• **Work order**: In the copy, include every entry exactly but none of its images.

• **Data excerpts**:
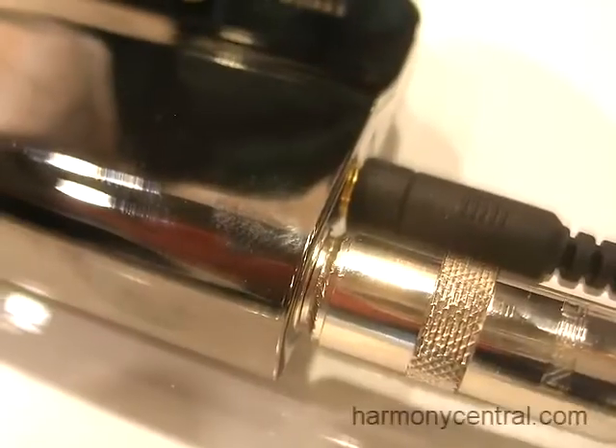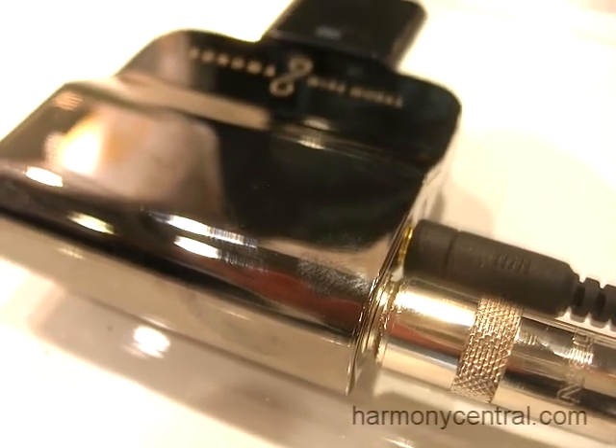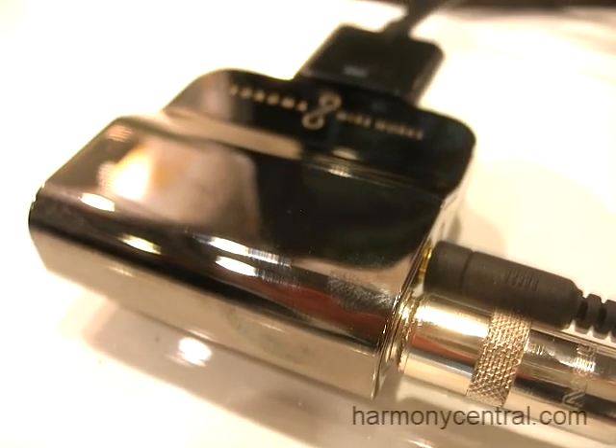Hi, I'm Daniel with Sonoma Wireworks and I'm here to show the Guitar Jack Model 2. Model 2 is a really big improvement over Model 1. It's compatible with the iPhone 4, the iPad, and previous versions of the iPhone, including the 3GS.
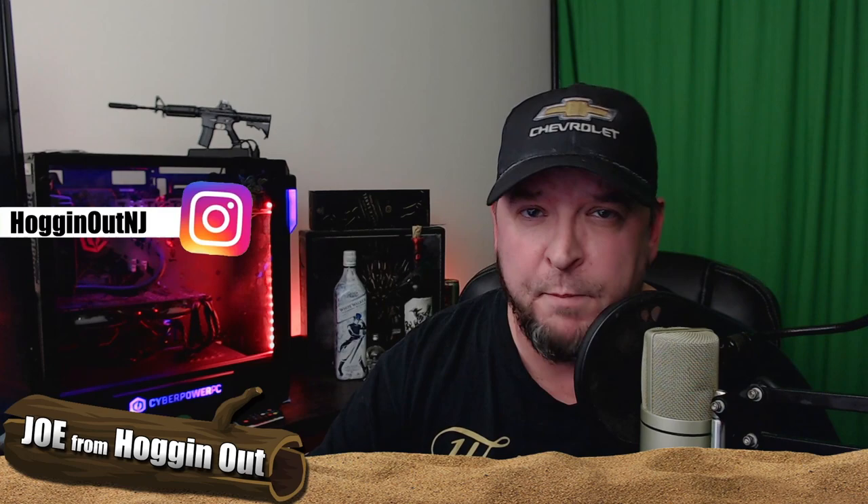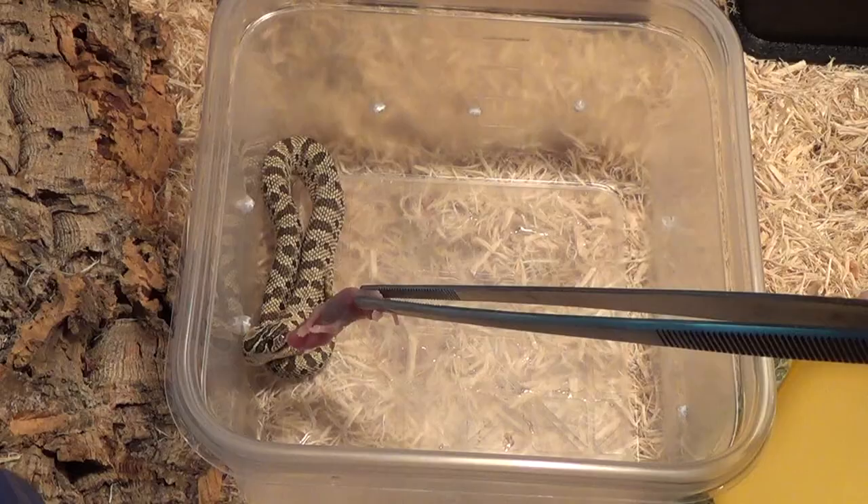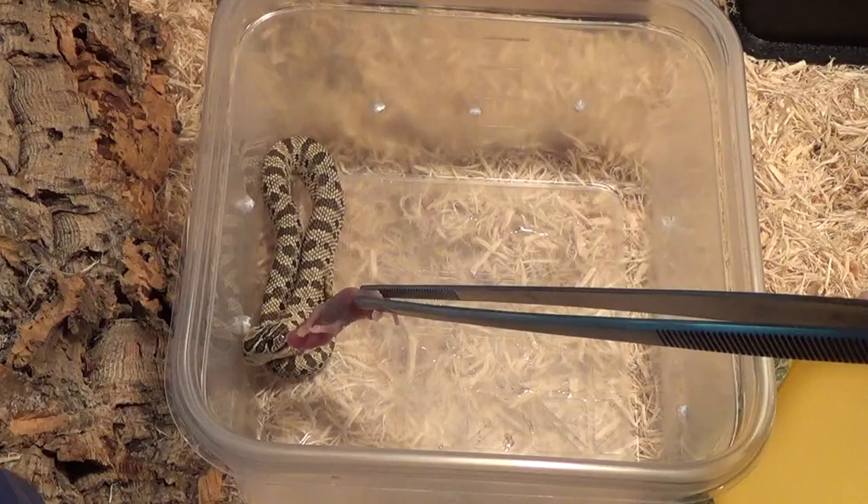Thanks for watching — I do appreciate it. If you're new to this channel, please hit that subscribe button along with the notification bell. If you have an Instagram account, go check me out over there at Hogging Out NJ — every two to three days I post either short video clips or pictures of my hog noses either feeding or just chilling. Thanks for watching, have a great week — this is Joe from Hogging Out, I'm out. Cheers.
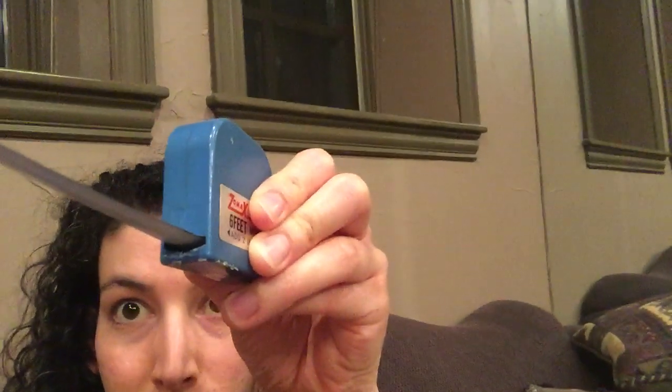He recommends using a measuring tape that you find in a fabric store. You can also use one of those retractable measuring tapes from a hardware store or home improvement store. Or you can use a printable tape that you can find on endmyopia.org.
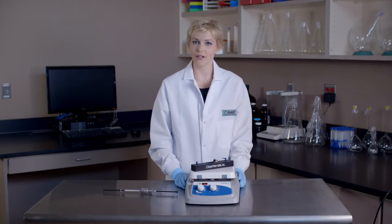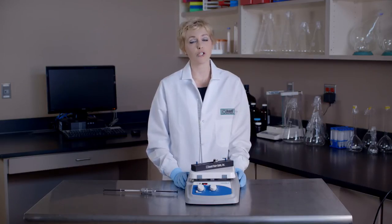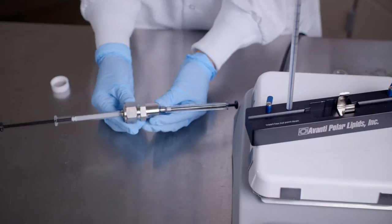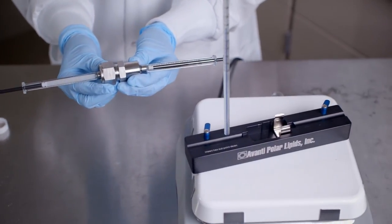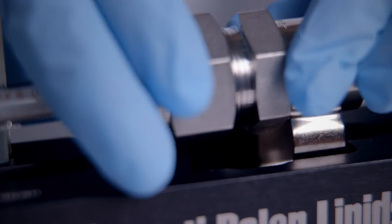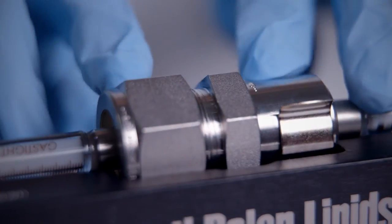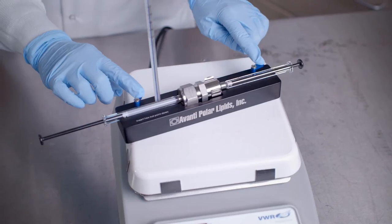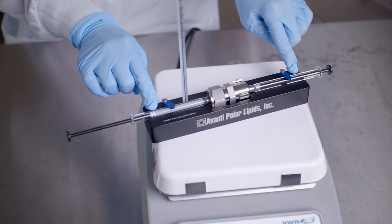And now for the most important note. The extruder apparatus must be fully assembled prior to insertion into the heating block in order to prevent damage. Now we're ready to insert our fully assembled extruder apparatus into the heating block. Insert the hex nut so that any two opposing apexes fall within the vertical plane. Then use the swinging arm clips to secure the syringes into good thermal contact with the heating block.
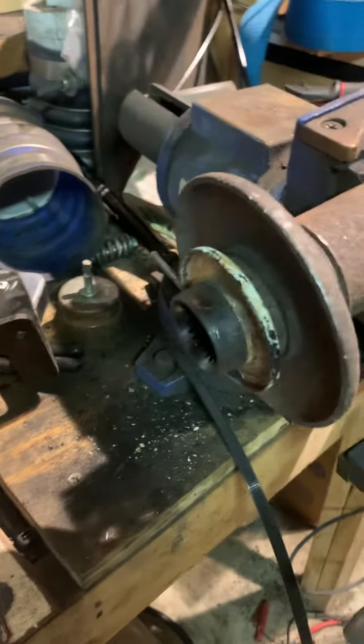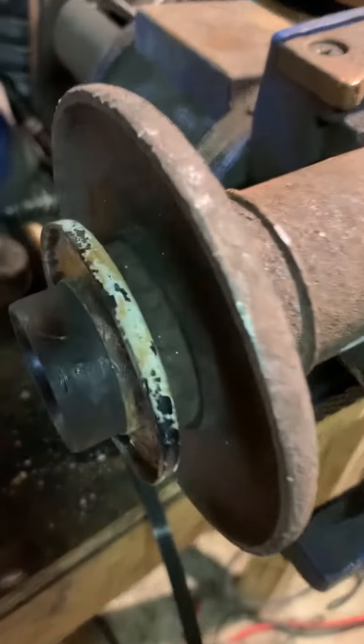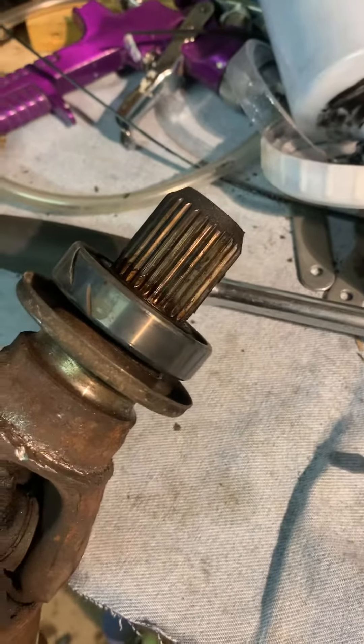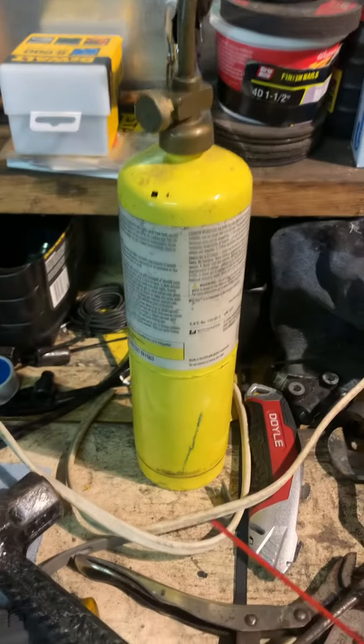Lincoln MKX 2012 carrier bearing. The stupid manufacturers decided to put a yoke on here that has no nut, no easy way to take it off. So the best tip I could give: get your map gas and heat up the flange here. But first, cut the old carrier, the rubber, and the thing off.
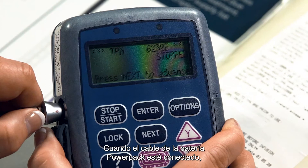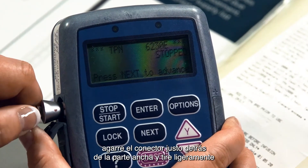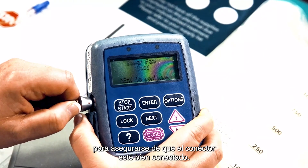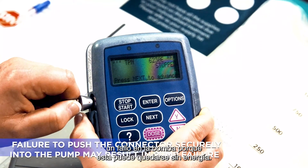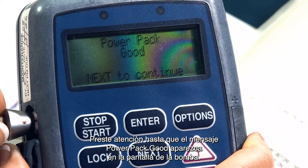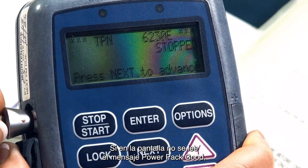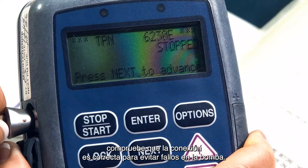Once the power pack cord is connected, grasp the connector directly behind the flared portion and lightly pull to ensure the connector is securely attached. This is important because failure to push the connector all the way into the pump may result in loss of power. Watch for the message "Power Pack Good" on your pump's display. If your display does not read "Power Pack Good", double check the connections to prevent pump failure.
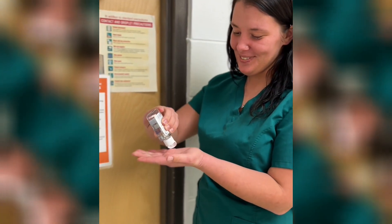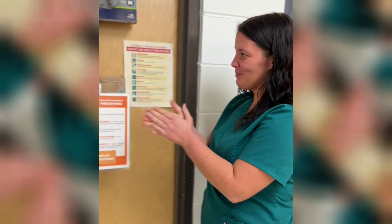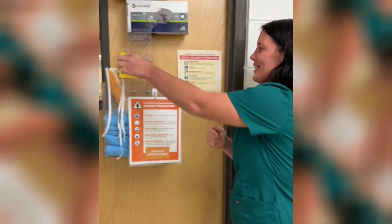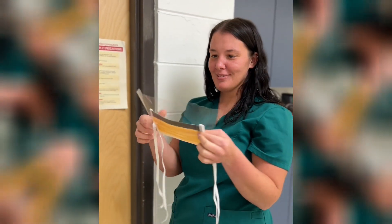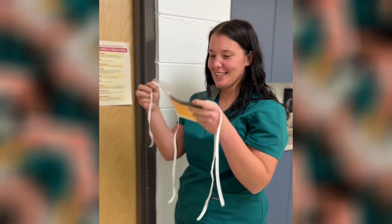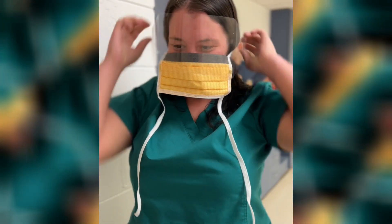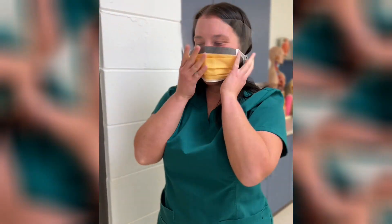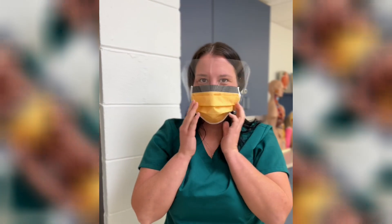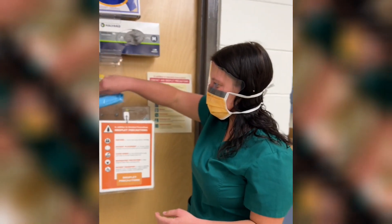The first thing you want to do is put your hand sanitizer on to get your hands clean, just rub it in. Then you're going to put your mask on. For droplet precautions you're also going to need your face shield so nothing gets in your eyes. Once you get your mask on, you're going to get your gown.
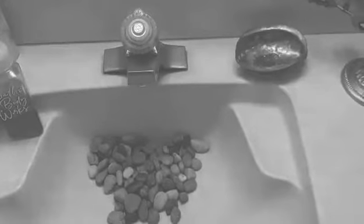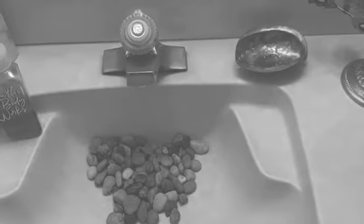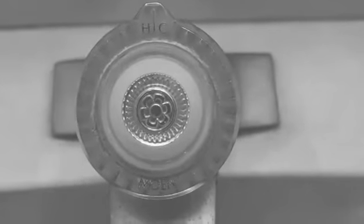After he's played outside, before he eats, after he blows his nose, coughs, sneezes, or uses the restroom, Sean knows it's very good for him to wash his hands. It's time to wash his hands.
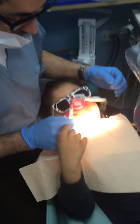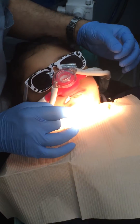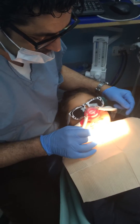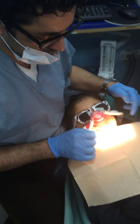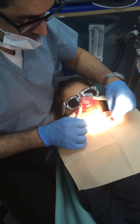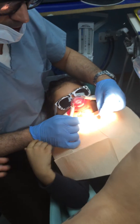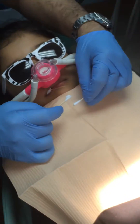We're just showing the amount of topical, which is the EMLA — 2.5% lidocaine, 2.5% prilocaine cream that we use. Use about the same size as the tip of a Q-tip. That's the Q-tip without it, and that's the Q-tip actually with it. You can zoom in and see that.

• **Completed task**:
Hi, I'm Daniel with Sonoma Wireworks and I'm here to show the Guitar Jack Model 2. Model 2 is a really big improvement over Model 1. It's compatible with the iPhone 4, the iPad, and previous versions of the iPhone, including the 3GS.
Thanks for watching — I do appreciate it. If you're new to this channel, please hit that subscribe button along with the notification bell. If you have an Instagram account, go check me out over there at Hogging Out NJ — every two to three days I post either short video clips or pictures of my hog noses either feeding or just chilling. Thanks for watching, have a great week — this is Joe from Hogging Out, I'm out. Cheers.
He recommends using a measuring tape that you find in a fabric store. You can also use one of those retractable measuring tapes from a hardware store or home improvement store. Or you can use a printable tape that you can find on endmyopia.org.
And now for the most important note. The extruder apparatus must be fully assembled prior to insertion into the heating block in order to prevent damage. Now we're ready to insert our fully assembled extruder apparatus into the heating block. Insert the hex nut so that any two opposing apexes fall within the vertical plane. Then use the swinging arm clips to secure the syringes into good thermal contact with the heating block.
Lincoln MKX 2012 carrier bearing. The stupid manufacturers decided to put a yoke on here that has no nut, no easy way to take it off. So the best tip I could give: get your map gas and heat up the flange here. But first, cut the old carrier, the rubber, and the thing off.
Once the power pack cord is connected, grasp the connector directly behind the flared portion and lightly pull to ensure the connector is securely attached. This is important because failure to push the connector all the way into the pump may result in loss of power. Watch for the message "Power Pack Good" on your pump's display. If your display does not read "Power Pack Good", double check the connections to prevent pump failure.
The first thing you want to do is put your hand sanitizer on to get your hands clean, just rub it in. Then you're going to put your mask on. For droplet precautions you're also going to need your face shield so nothing gets in your eyes. Once you get your mask on, you're going to get your gown.
After he's played outside, before he eats, after he blows his nose, coughs, sneezes, or uses the restroom, Sean knows it's very good for him to wash his hands. It's time to wash his hands.
We're just showing the amount of topical, which is the EMLA — 2.5% lidocaine, 2.5% prilocaine cream that we use. Use about the same size as the tip of a Q-tip. That's the Q-tip without it, and that's the Q-tip actually with it. You can zoom in and see that.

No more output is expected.